**What is needed**
Give back every record exactly, with its pictures left out.

**Short text fragments from websites**
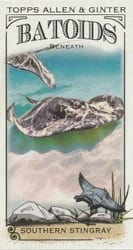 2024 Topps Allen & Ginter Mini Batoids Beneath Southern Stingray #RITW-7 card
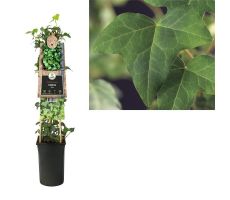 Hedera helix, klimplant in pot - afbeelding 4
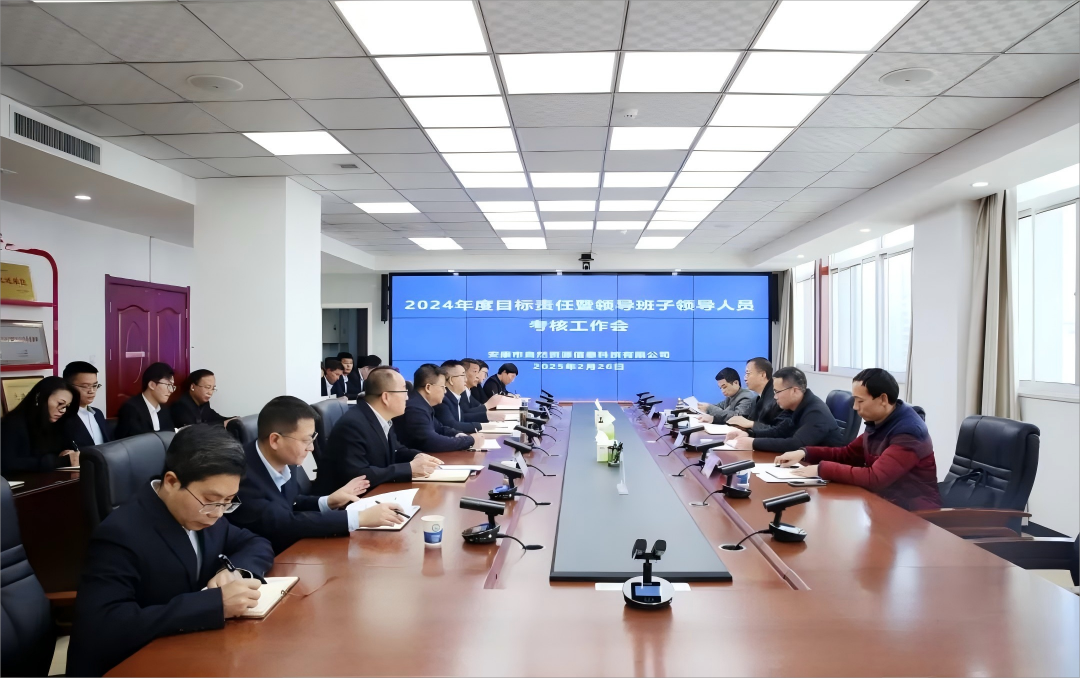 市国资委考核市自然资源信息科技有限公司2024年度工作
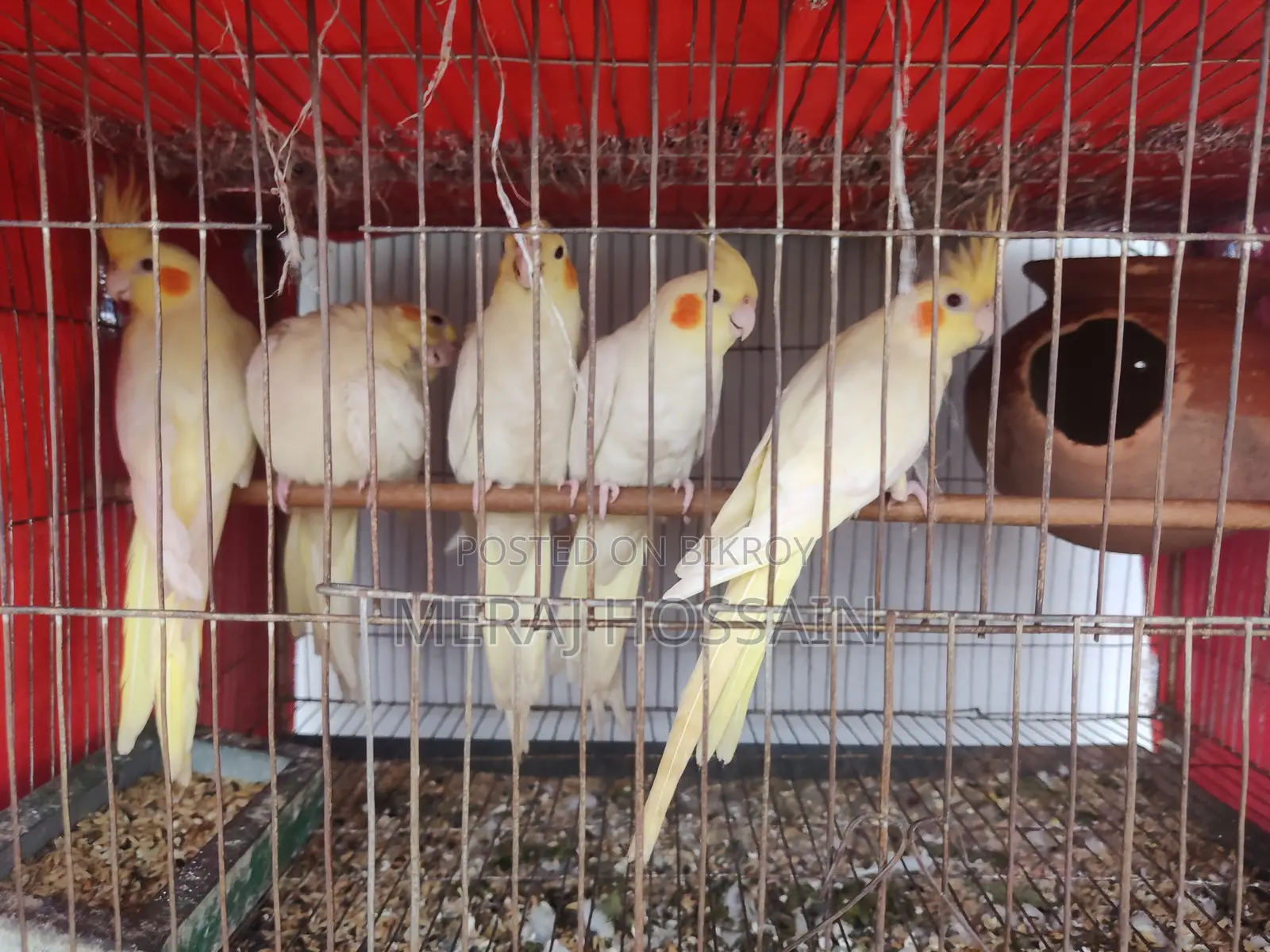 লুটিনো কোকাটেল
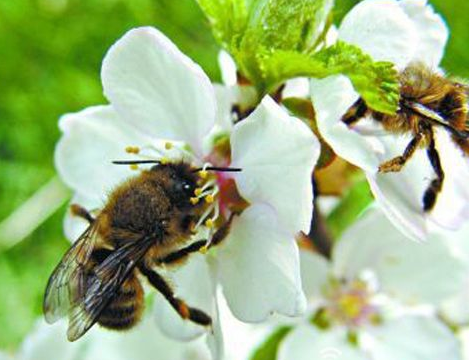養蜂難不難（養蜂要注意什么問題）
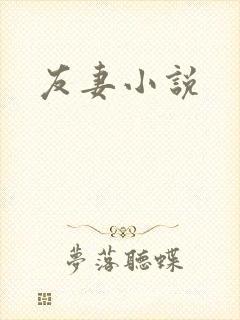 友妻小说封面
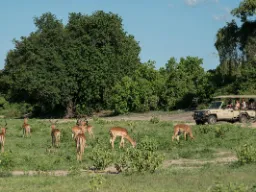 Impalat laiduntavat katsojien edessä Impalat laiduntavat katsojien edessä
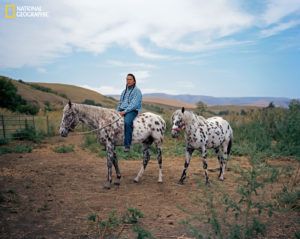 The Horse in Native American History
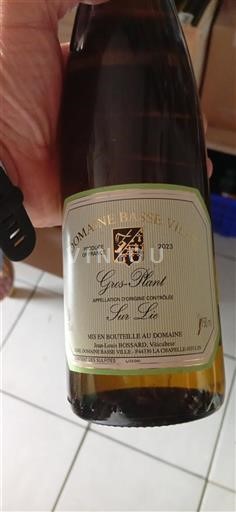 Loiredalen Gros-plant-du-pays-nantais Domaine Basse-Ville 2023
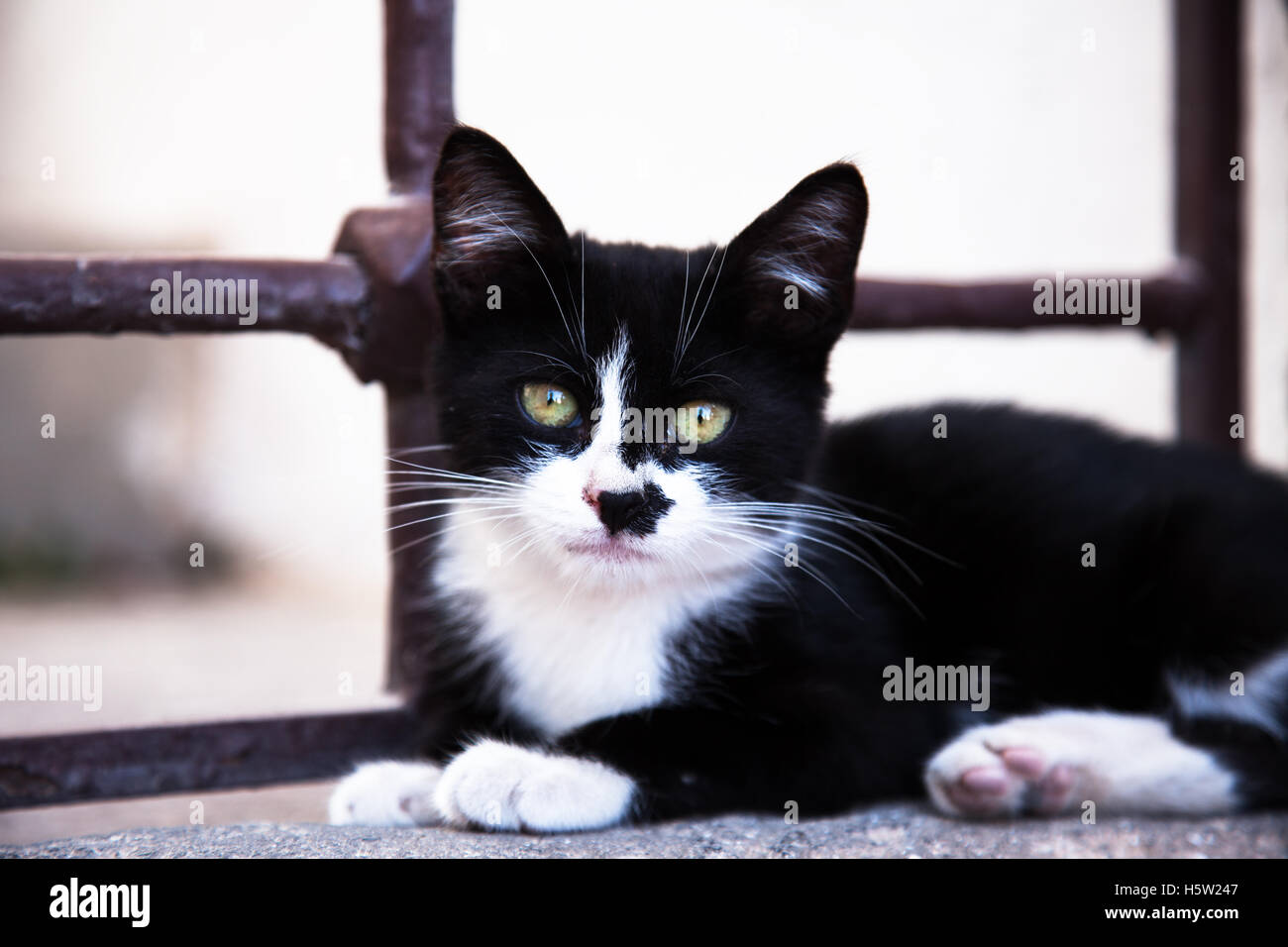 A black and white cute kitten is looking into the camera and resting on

**Written response**
 2024 Topps Allen & Ginter Mini Batoids Beneath Southern Stingray #RITW-7 card
 Hedera helix, klimplant in pot - afbeelding 4
 市国资委考核市自然资源信息科技有限公司2024年度工作
 লুটিনো কোকাটেল
養蜂難不難（養蜂要注意什么問題）
 友妻小说封面
 Impalat laiduntavat katsojien edessä Impalat laiduntavat katsojien edessä
 The Horse in Native American History
 Loiredalen Gros-plant-du-pays-nantais Domaine Basse-Ville 2023
 A black and white cute kitten is looking into the camera and resting on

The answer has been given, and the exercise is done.